Black History Month is known as the month of celebration for all black people and those who have paved the ways for future black generations. Black History Month typically celebrates important black figures in history, such as Harriet Tubman, Rosa Parks, Frederick Douglass, and of course Martin Luther King Jr. It is often celebrated during the month of February in America and Canada but in October in countries like Ireland, the Netherlands, and the UK.
This year for Black History Month, Boston 25 WFXT had decided to spotlight NASA Astronaut Dr. Jeanette Epps. In fact, sophomore Lynn-Sarah Georges, junior Fabrice Brudent, and senior Valery Delva were three Malden High students that got the opportunity to interview Epps, virtually, at the station.
Georges stated that interviewing the astronaut was “very amusing and educational.” She further said that “it was like getting the inside view from a successful black woman. And that’s important because we don’t have enough people to set that example for us.”

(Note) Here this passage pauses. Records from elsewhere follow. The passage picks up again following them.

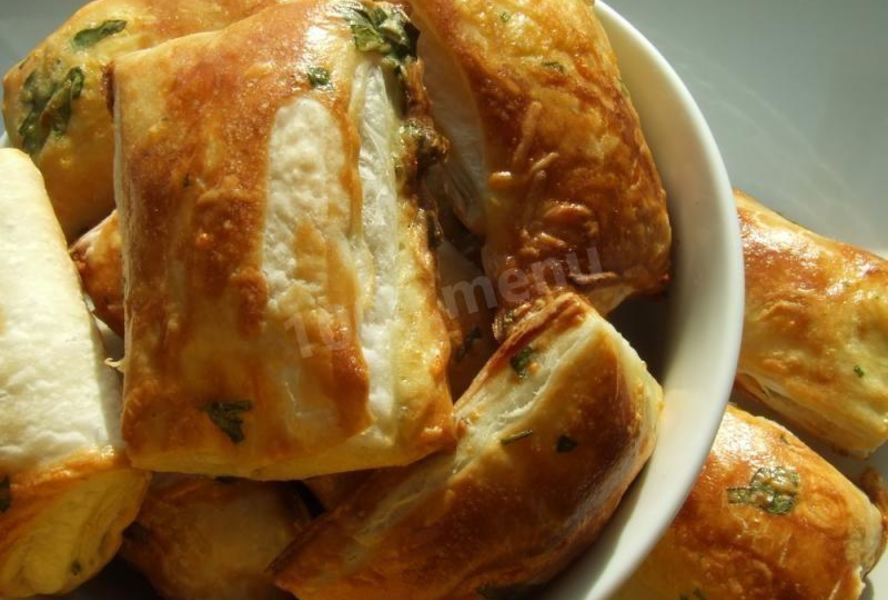 Слойки бульонные с сыром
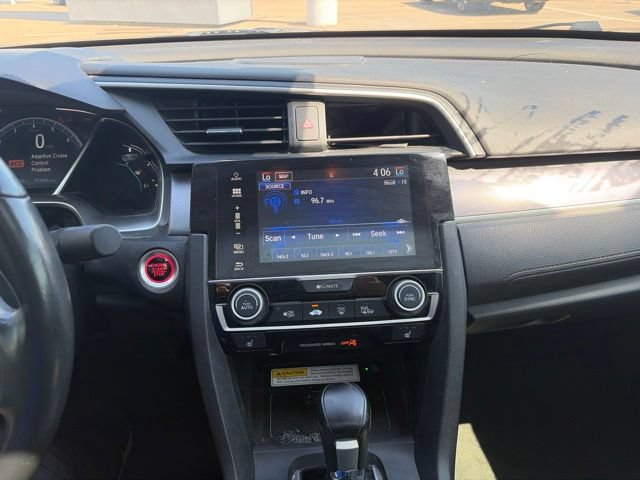 Used 2018 Honda Civic Touring image 10
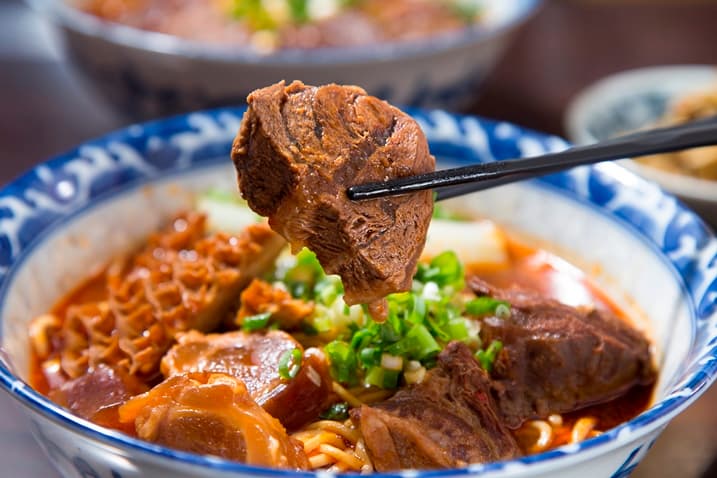 台灣牛肉麵的身世之謎-五大美食家最愛的那碗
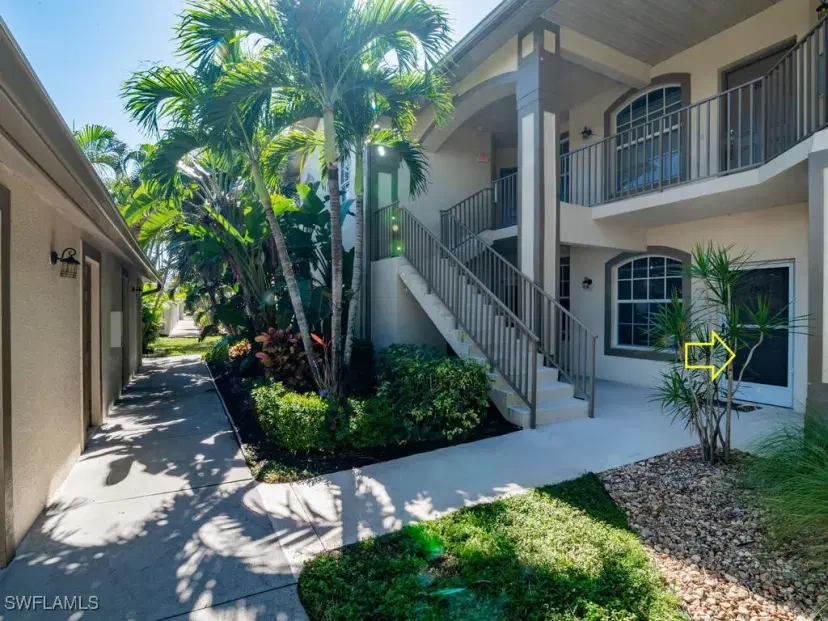 Picture of 338 Newport Dr 1802, Naples FL 34114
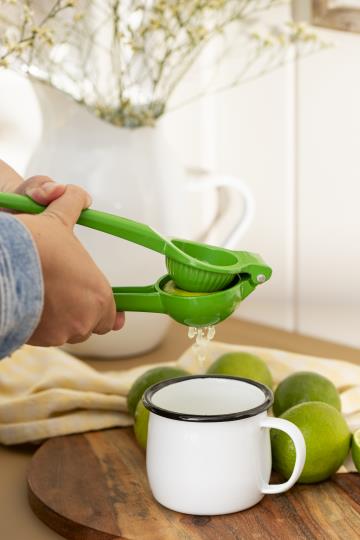 Lime Squeezer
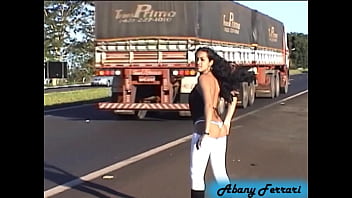 Preview 1 of Belle Dancing3 - Isso &eacute_ Amador e Real!!!! Fiquei Pelada em V&aacute_rias Rodovias ca&ccedil_ando Caminhoneiros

News Reporter, Crystal Haynes, was the one that created the Black History Month segment for Boston 25 because the station, WFXT, had not done anything extensive for Black History Month. Haynes decided to change that three years ago using the “three fundamental truths of journalism,” one of them being: representation matters.

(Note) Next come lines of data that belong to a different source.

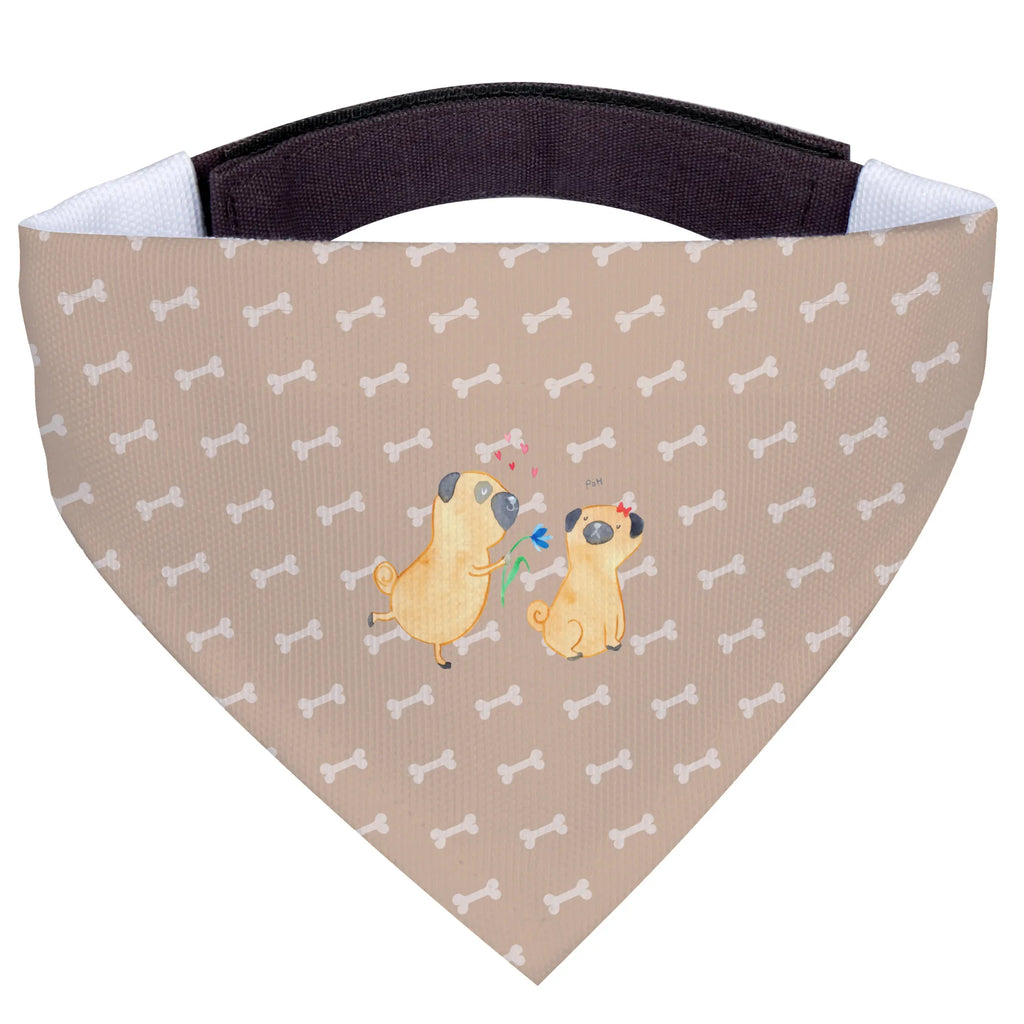 Dog neckerchief pug In love Tuch, mittel, Halstuch, Hundehalstuch, Hunde, mittelgroße Hunde, Hund, Hundemotiv, Haustier, Hunderasse, Tierliebhaber, Hundebesitzer, Sprüche, Liebesspruch. Verlobt, Geschenk Freund, verliebt, Mops, Liebe, Möpse, Hundeliebe, Partner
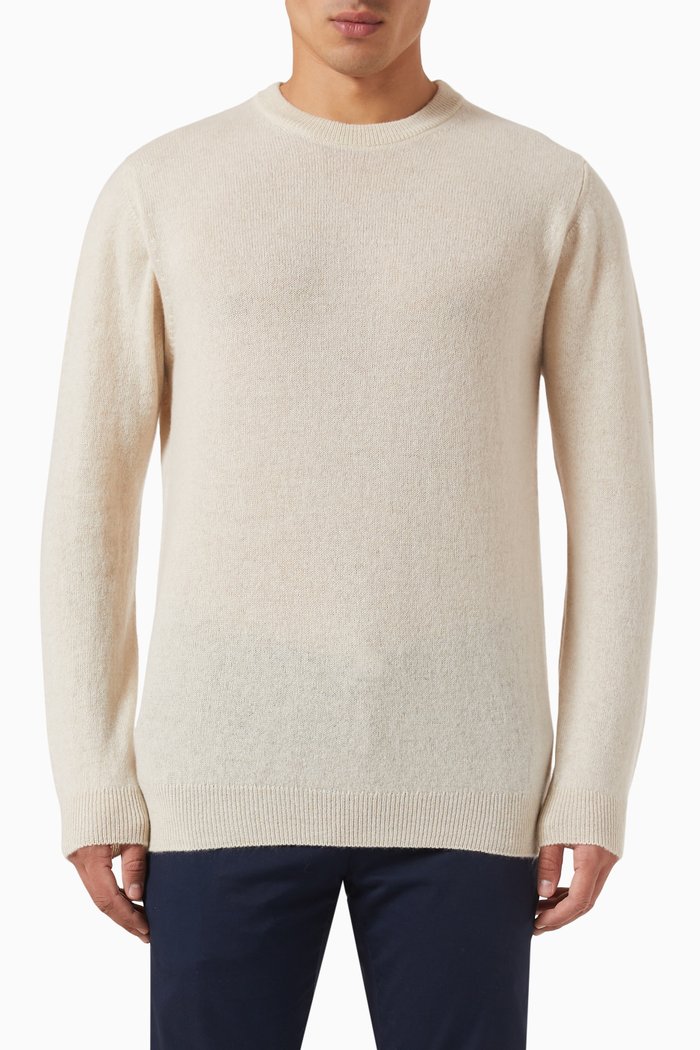 

Sweater in Cashmere Knit, Neutral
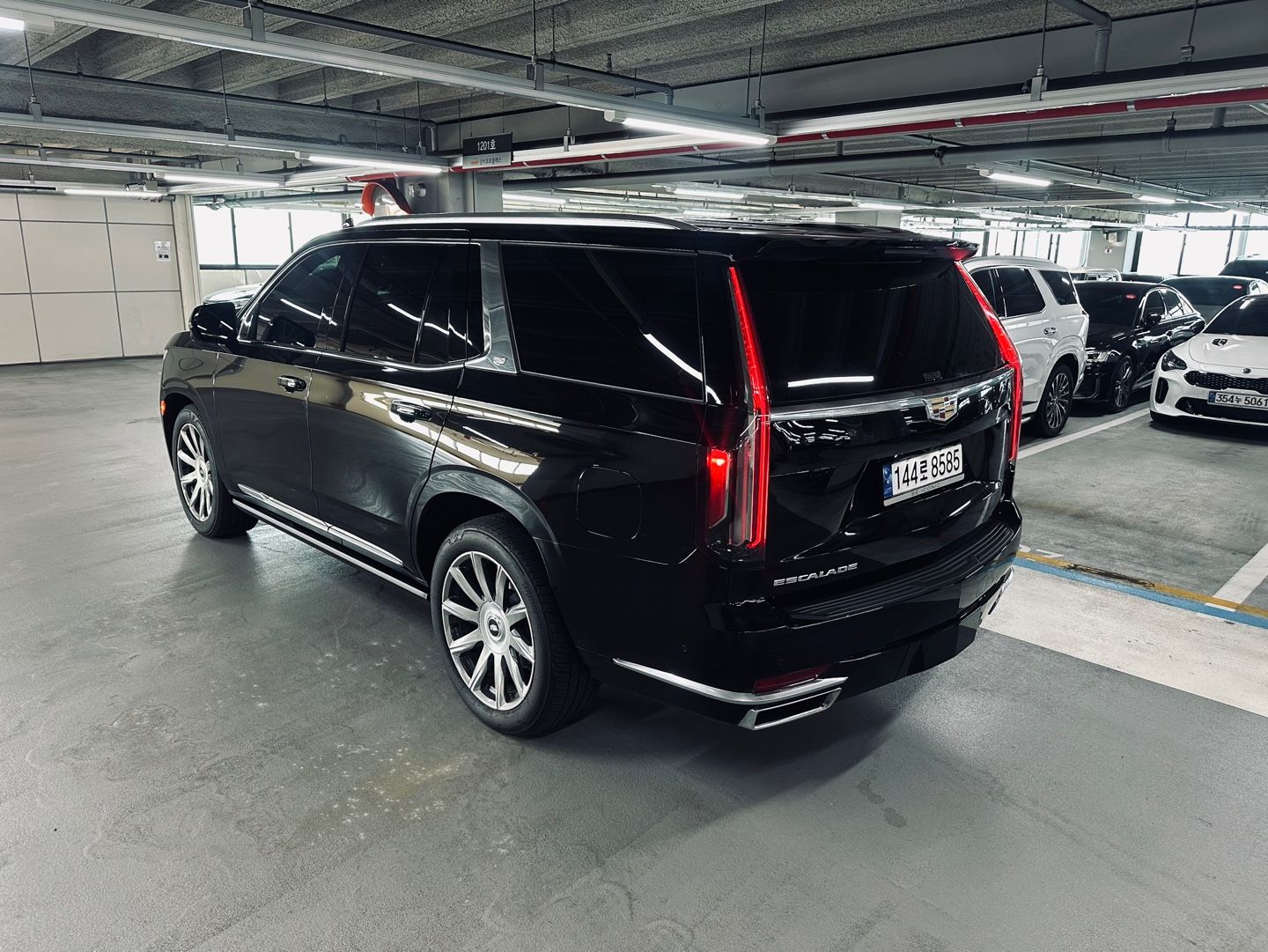 CADILLAC ESCALADE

Haynes chose to get students from MHS because “Malden is the most diverse school in the state,” and she wanted to “embrace that as a resource.” The students were selected by the principal, Chris Mastrangelo.
The students interviewed the astronaut because she was “scheduled to go to the moon soon and accomplished great things,” and wanted to get the “inside scoop on what it is like to be a successful woman of color” as Georges mentioned.

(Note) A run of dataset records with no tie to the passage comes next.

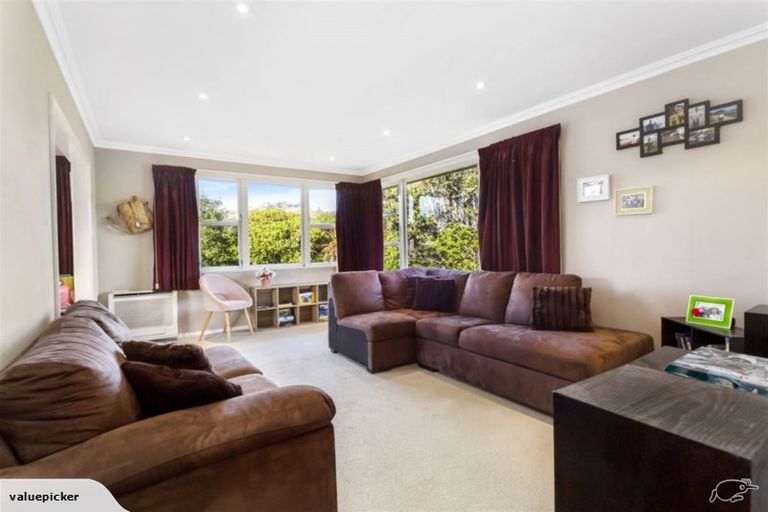 Photo of property in 1 Angell Street, Johnsonville, Wellington, 6037
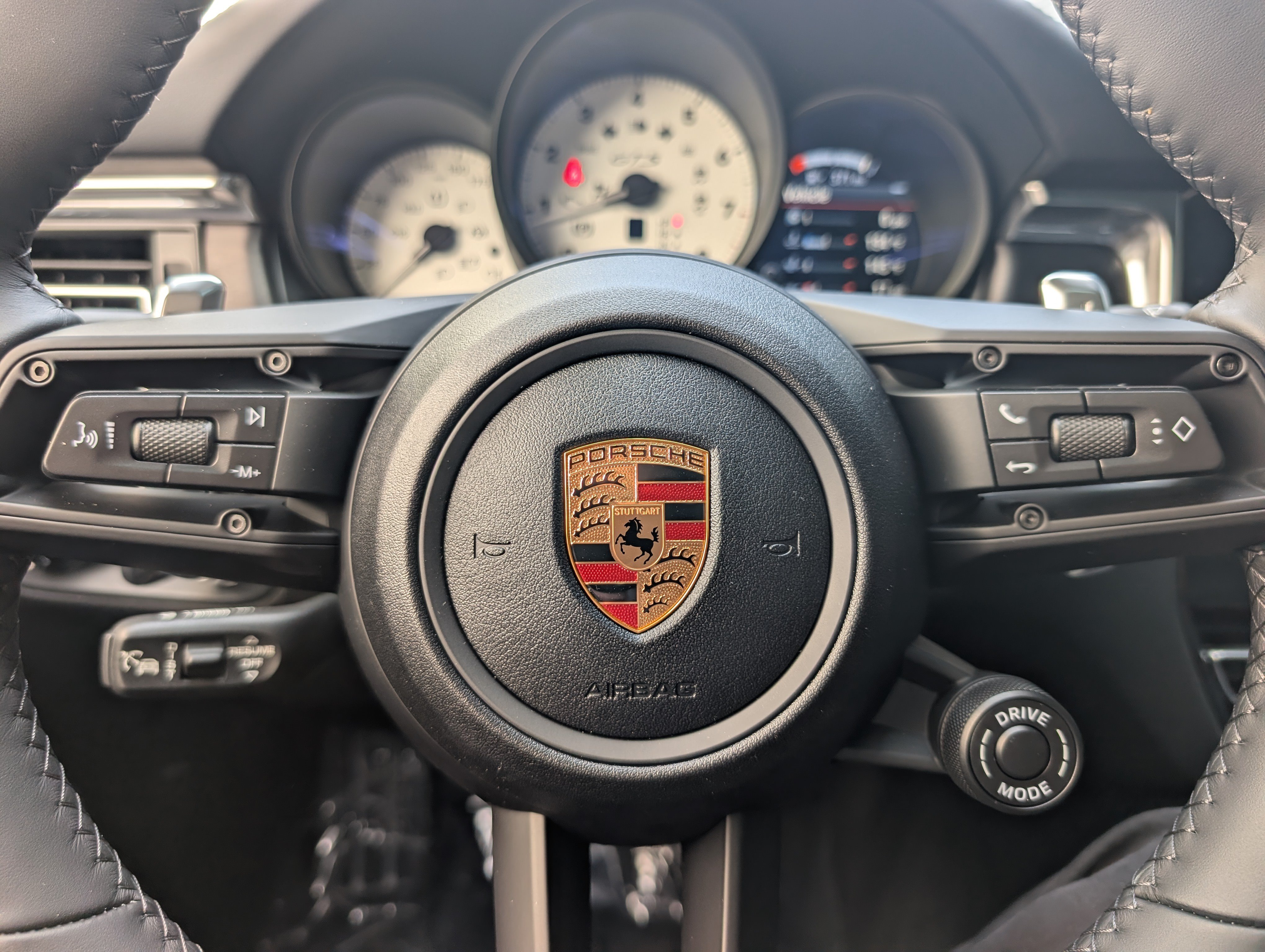 New 2026 Porsche Macan GTS AWD/4WD image 26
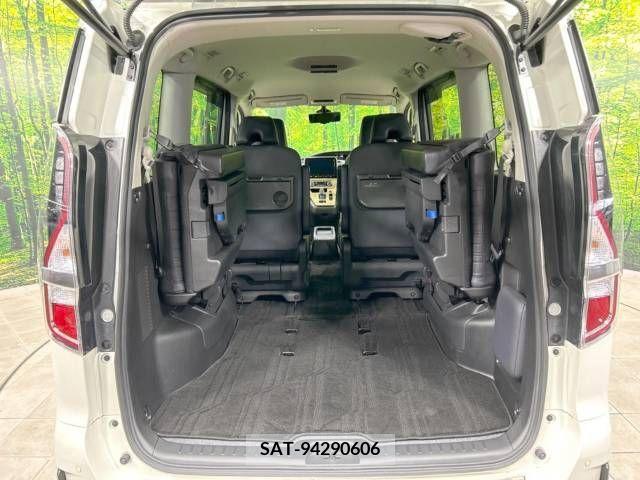 Nissan SERENA 2019-11 284158-11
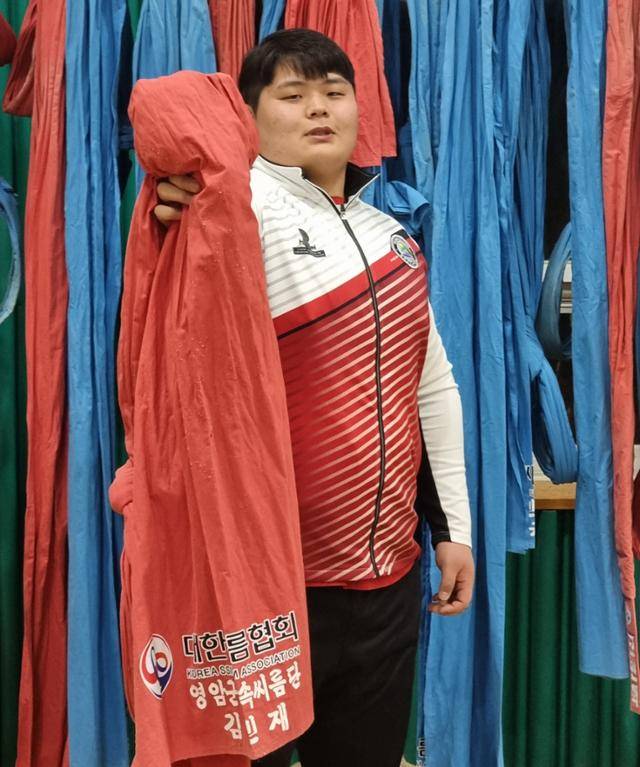 김민재가 자신의 이름이 새겨진 샅바를 들어 보이고 있다. 영암=김지섭 기자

The interview consisted of questions like what life is like for Epps and what the struggles she had faced on a day to day basis as a woman of color.
Georges learned that “in life, you have to pursue your own goals and not to rely on anyone else to get you there,” and that you “have to take initiative at a very young age in order to achieve things later in life.”
Georges found out she was chosen for this opportunity when she was in math class. She noted that she felt like it was “just the stepping stones to a bright future.”
Georges also added that she was grateful that “at Malden High [they] have teachers and faculty that look out for their students beyond class time,” just like Mastrangelo did. “Without him [she] would not have gotten this opportunity.”
The segment was aired on Friday, February 28th and can be found here on the Boston 25 website to be used as an educational tool in the classroom.